#### Given data

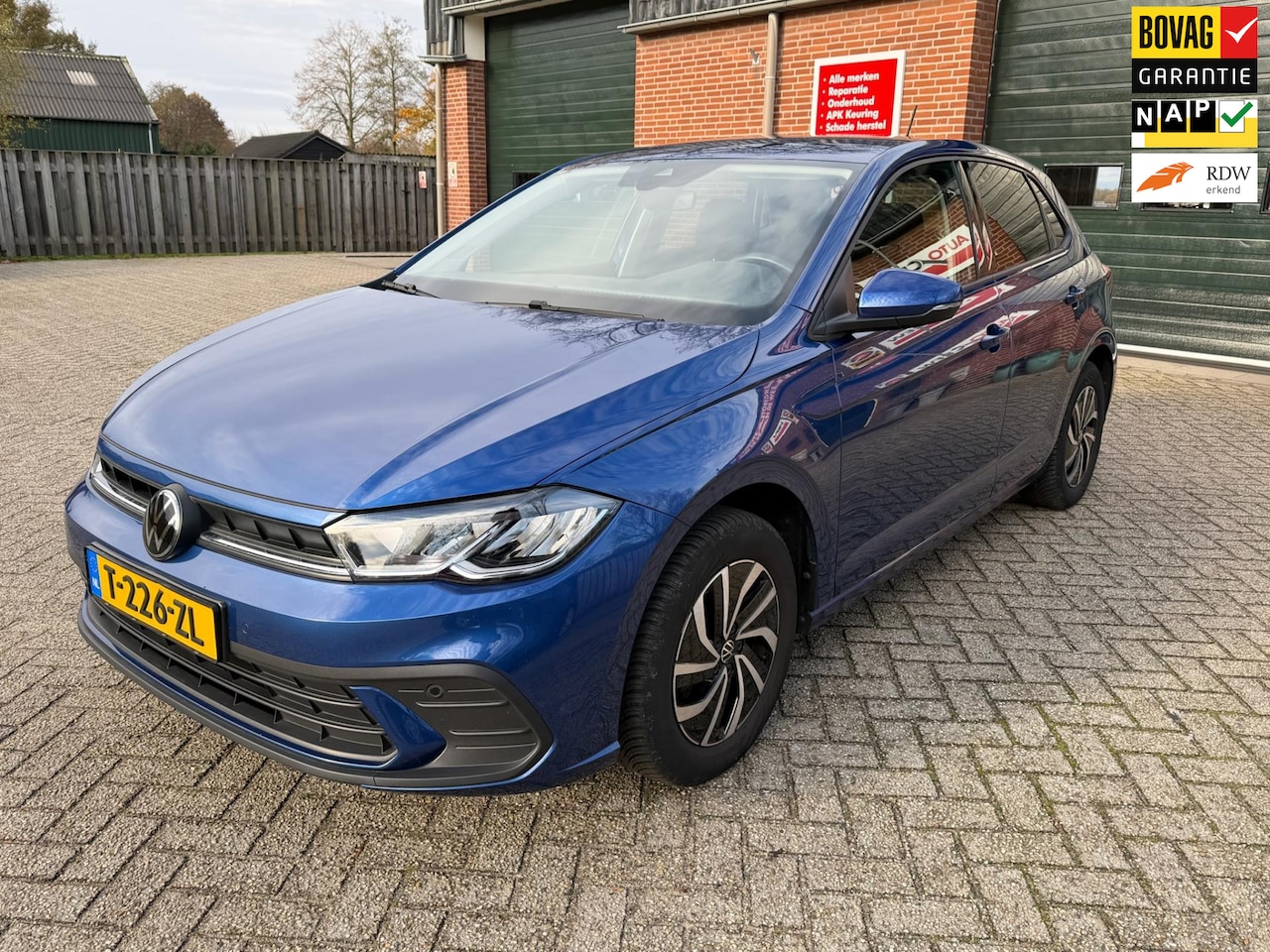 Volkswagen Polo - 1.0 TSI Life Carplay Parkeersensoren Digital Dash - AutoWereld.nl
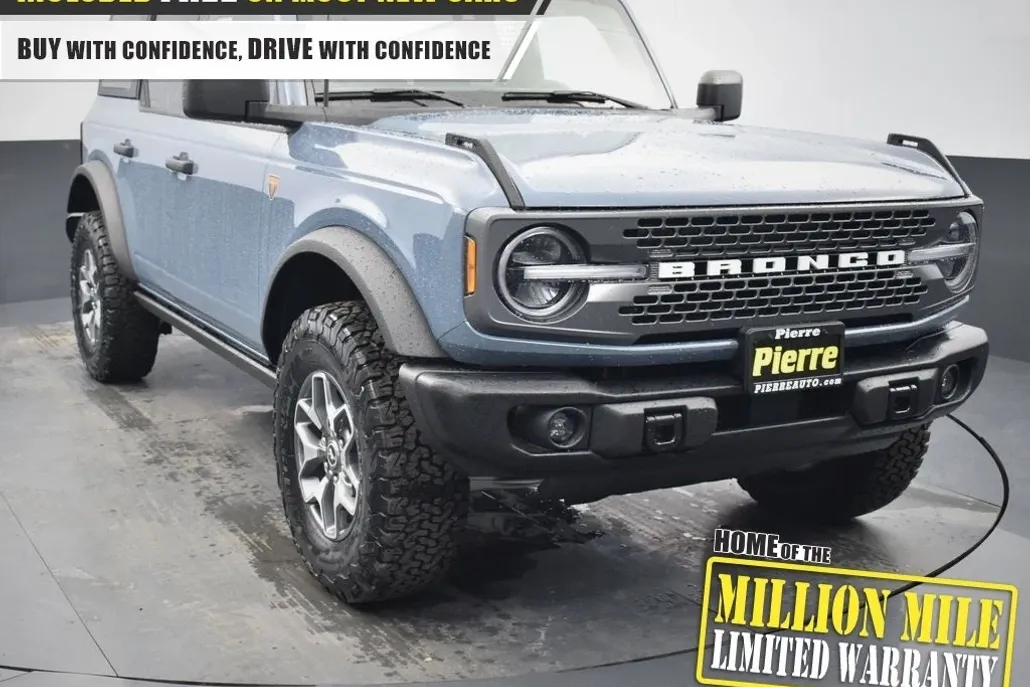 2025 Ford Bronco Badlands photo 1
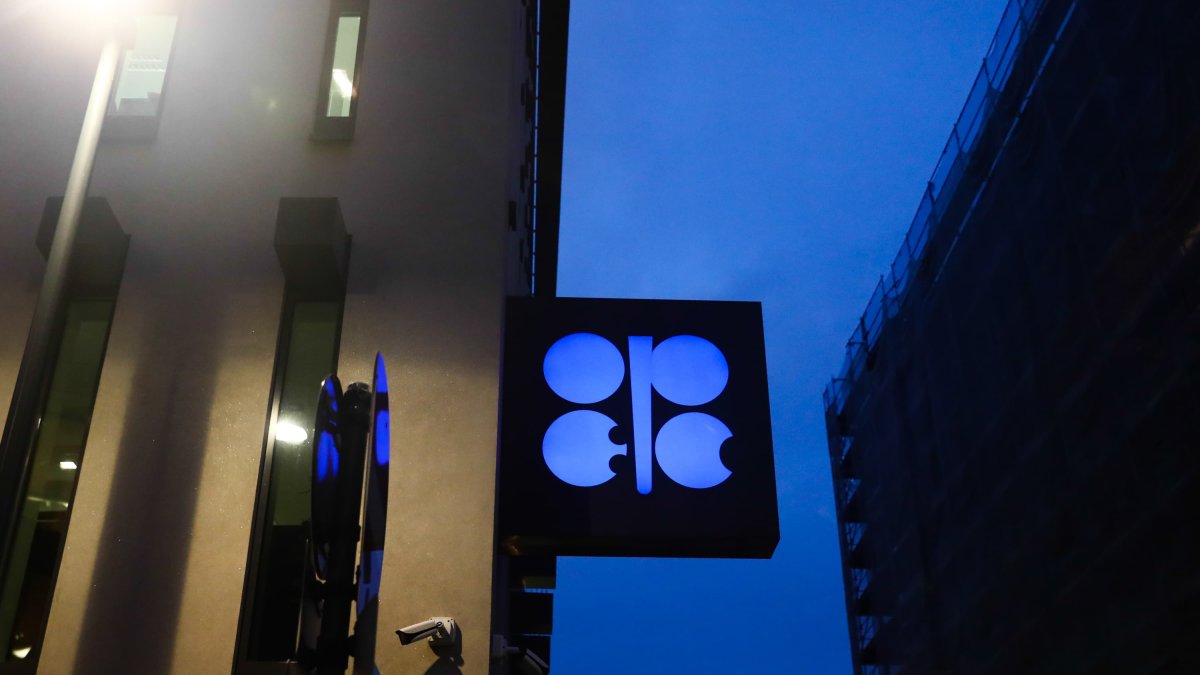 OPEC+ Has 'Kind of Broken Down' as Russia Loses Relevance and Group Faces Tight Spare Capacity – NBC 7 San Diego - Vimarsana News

########

**What the task asks:** Using the data above, print every line exactly, omitting pictures.

**Answer below:**
 Volkswagen Polo - 1.0 TSI Life Carplay Parkeersensoren Digital Dash - AutoWereld.nl
 2025 Ford Bronco Badlands photo 1
 OPEC+ Has 'Kind of Broken Down' as Russia Loses Relevance and Group Faces Tight Spare Capacity – NBC 7 San Diego - Vimarsana News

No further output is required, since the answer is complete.